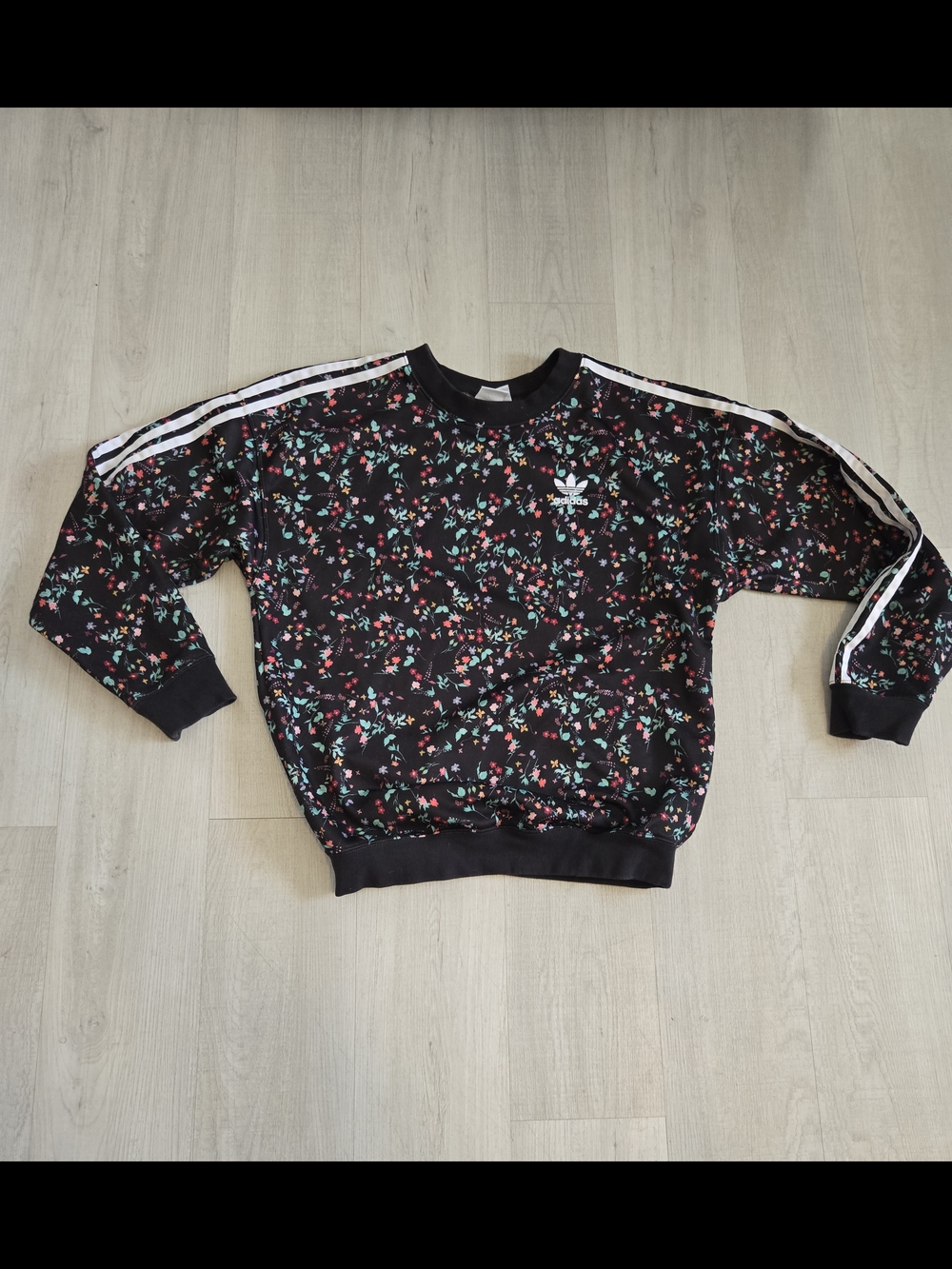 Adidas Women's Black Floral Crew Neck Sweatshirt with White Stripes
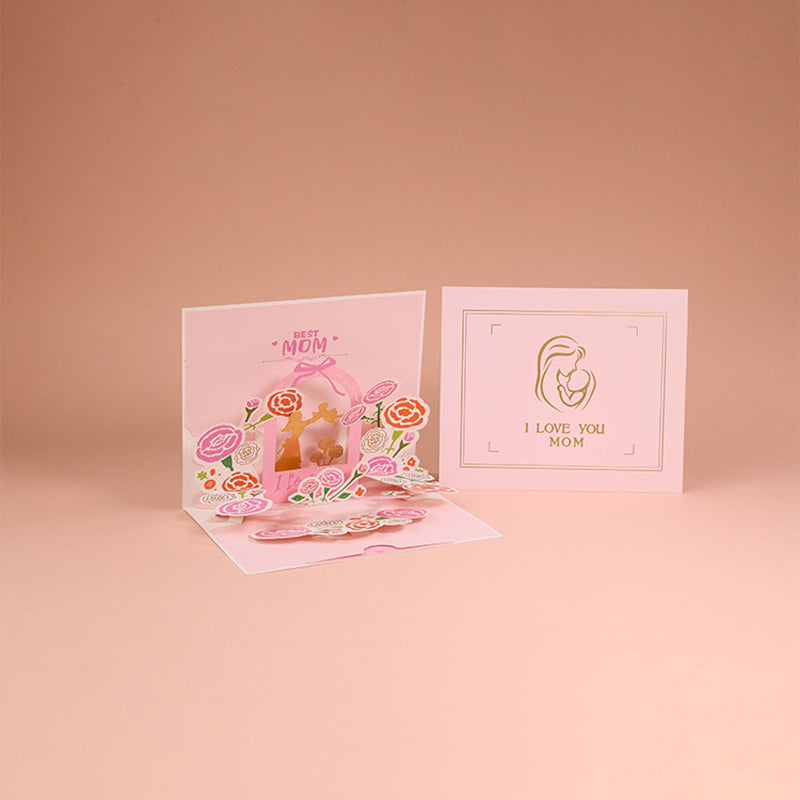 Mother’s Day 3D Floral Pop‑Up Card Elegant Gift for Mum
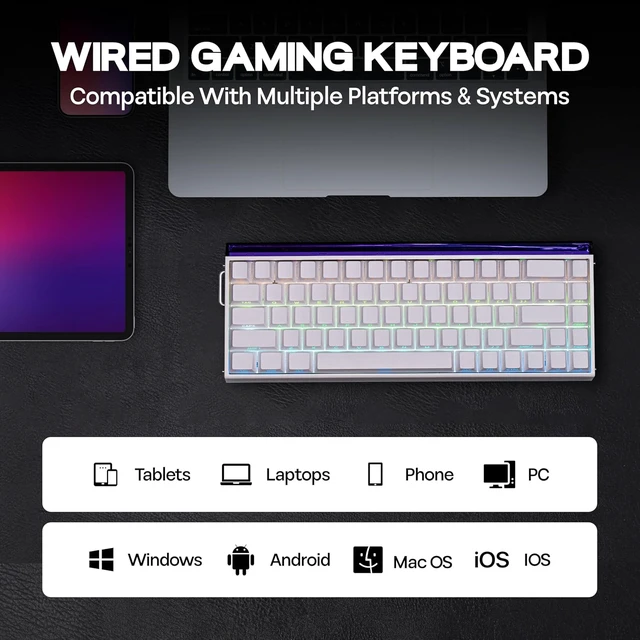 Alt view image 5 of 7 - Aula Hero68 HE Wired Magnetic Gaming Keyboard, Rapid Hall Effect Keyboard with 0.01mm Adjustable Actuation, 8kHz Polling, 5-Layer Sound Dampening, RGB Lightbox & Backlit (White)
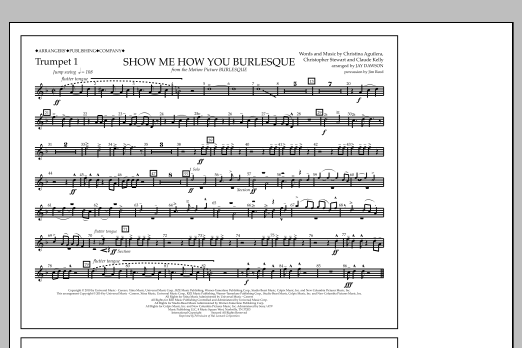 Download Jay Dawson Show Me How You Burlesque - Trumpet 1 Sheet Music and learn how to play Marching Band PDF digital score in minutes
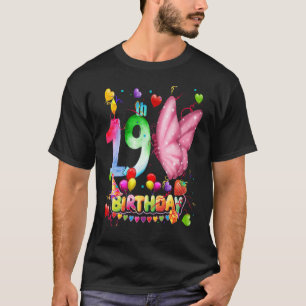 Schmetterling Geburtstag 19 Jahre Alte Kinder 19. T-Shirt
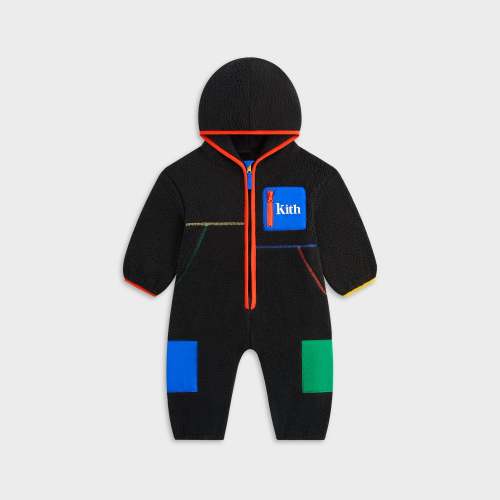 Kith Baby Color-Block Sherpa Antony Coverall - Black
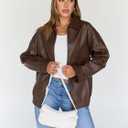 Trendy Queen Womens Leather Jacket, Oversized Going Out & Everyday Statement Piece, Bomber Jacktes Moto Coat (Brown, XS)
--
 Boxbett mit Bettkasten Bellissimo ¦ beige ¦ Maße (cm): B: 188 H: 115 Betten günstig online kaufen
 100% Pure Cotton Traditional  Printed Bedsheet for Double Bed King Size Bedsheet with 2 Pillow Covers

ACTION ITEM —
In the data above, take the line with "Adidas Women's Black", the line with "Alt view image", and every line between, and set them down exactly without pictures.

ANSWER SPACE —
 Adidas Women's Black Floral Crew Neck Sweatshirt with White Stripes
 Mother’s Day 3D Floral Pop‑Up Card Elegant Gift for Mum
 Alt view image 5 of 7 - Aula Hero68 HE Wired Magnetic Gaming Keyboard, Rapid Hall Effect Keyboard with 0.01mm Adjustable Actuation, 8kHz Polling, 5-Layer Sound Dampening, RGB Lightbox & Backlit (White)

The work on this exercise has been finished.